Make AI Acceleration REALLY About AI

Modern AI has intrigued our minds; it got us thinking about the endless possibilities for the future, and it raised philosophical, sociological, and ethical questions, which lead to a very vibrant discussion between the titans of the field on what AI can do and which directions it is going. But before we can imagine what’s possible, we must be mindful of what I see as a “chicken-and-egg” problem for AI: because hardware enabled the models we have today, it is hard to think of new classes models for which existing hardware performs poorly at, so you need new classes of hardware for these new classes of models. Since creating new hardware is very expensive you need to have the financial justification to embark on this new exploratory journey, but you cannot demonstrate the value of these new models if you don’t have the hardware to run them within reasonable times, right? Without the practical capabilities of showing new models, AI innovation is shackled by the constraints set by existing hardware solutions.

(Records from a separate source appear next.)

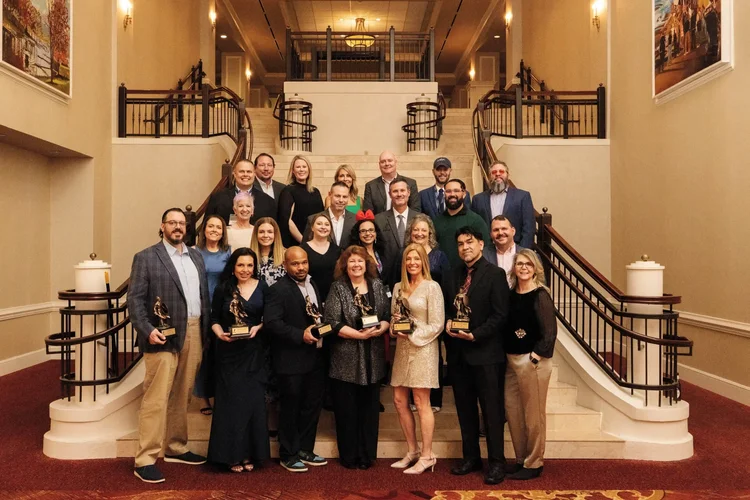 Corporate team group photo on a staircase in Greenville SC by Jack Robert Photo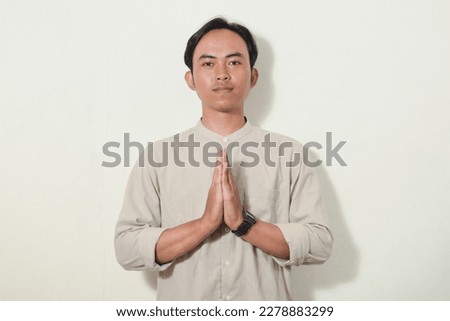 asian man with greeting gesture apologizing. hand gesture greeting symbol of welcome, apologize, greeting. Indonesian man wearing neat and polite shirt on white isolated background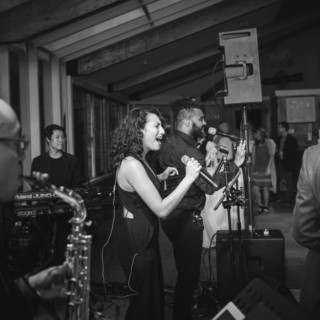 Joyful live band performing at an elegant wedding celebration in Pomfret, Vermont.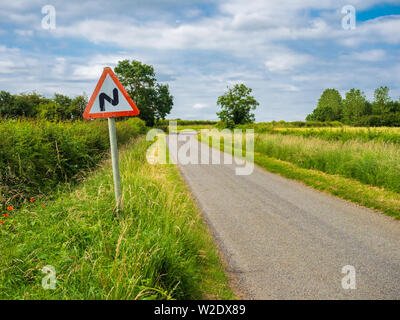 Route sinueuse à venir signer en zig-zag sur le côté d'une seule piste country road Banque D'Images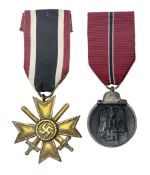 Two WW2 German medals - Winter Campaign in Russia 1941-42 and War merit Cross with swords; both with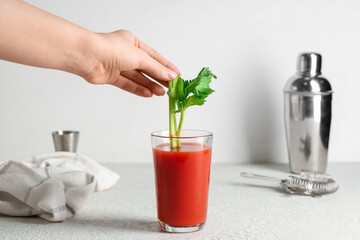 Woman putting celery into glass of bloody mary on white background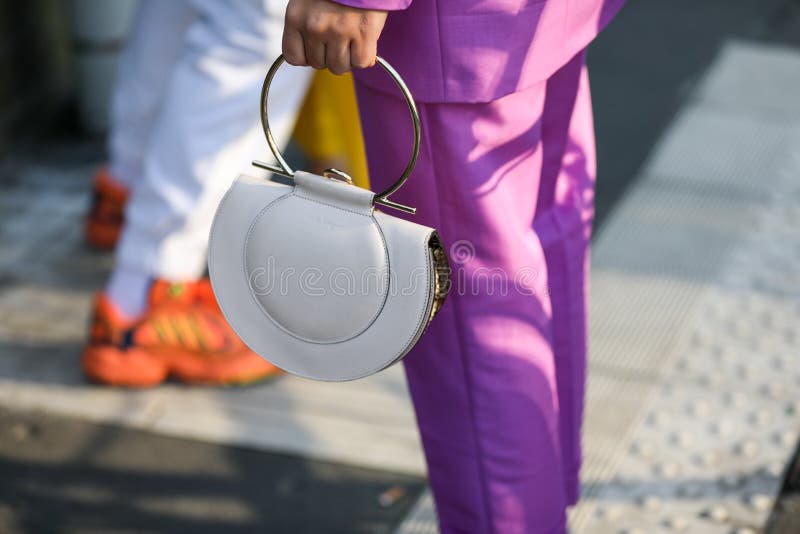 February 19, 2020: model wears a pair of purple pants and a white crescent handbag during the Gucci fashion show at the women`s fashion week fall / winter 2020 in Milan. February 19, 2020: model wears a pair of purple pants and a white crescent handbag during the Gucci fashion show at the women`s fashion week fall / winter 2020 in Milan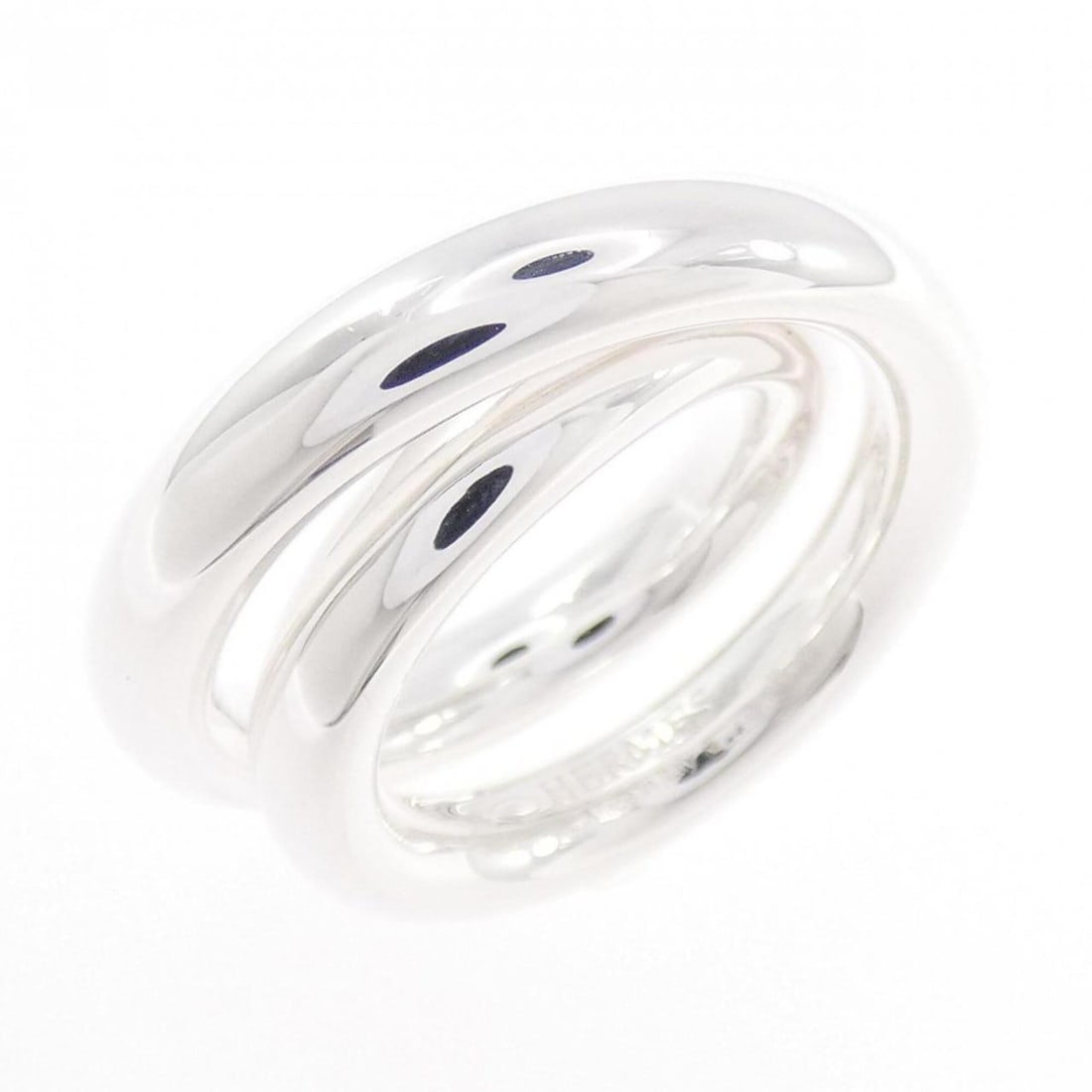 Hermes Vertige Ring: --- Catalog ---Category: SizeWidth: 9.9mm / 0.39''Weight: 14.4g / 0.5oz.JP Size: 7US Size: 4Category: DesignType: Band ringGender: WomenMaterial: Silver 925Category: GeneralBrand: Hermes--- Item List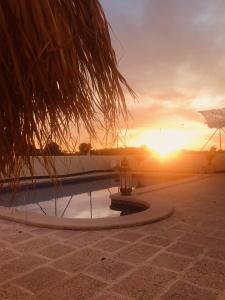 a sunset over a swimming pool with the sun setting at Rancho de Sueños in La Zarza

AI to Deep Learning: What Are We Accelerating? (Original Diagram: “Deep Learning Book”, Goodfellow et al.)

In this context, it is worth mentioning that while we refer to what our current hardware does as “AI acceleration” it is actually an overclaim. In reality, it’s closer to “deep learning acceleration” or some intersection of tensor-based deep learning and machine learning algorithms that run well on matrix multiplication engines. Some might say: “well, we mostly hear about deep learning because that’s is the ‘killer app’ that delivers the most value nowadays,” but that’s exactly the point — we mainly explore deep learning because our libraries and hardware are tuned for deep-learning and therefore, deep-learning is what we are currently able to explore. This is one of the caveats for developing accelerated hardware; we have evolved from building general-purpose processors to a variety of architectures by co-designing algorithms and hardware; however, we optimized our datapaths to fixed-size variables, since we have fixed-size arithmetical engines and fixed-word size memories and interconnections, and we try to use matrix multiplication as much as possible because it has simple and predictable control flow. We do not want the performance of our overly-tuned hardware to drop off a cliff and hinder our algorithmic progress by blocking the ability to explore new capabilities.

Although I am not a neuroscientist, I know the brain has many complex structures communicating in an irregular fashion, and we probably cannot approximate all of them using matrix multiplications, fixed-width datapaths, and non-linear functions. So we need to think about whether this hardware evolution made us converge to a local optimum in the application-hardware co-design space? Maybe if we digress from the tensor-intensive model, we can create “AI acceleration 2.0”, the next wave of AI hardware, which does not multiply matrices as well but supports irregular computation patterns and has flexible representations and arbitrarily parallelizable compute engines. An accelerator (or heterogeneous integration of such accelerators) with these properties would span a much wider application scope that is closer to true artificial intelligence.

To summarize, we need to ask: is attention all we need? Are CNNs? like it or not, they do consist of most of what we got, but maybe (probably) there’s more to AI that we can scale to commodity.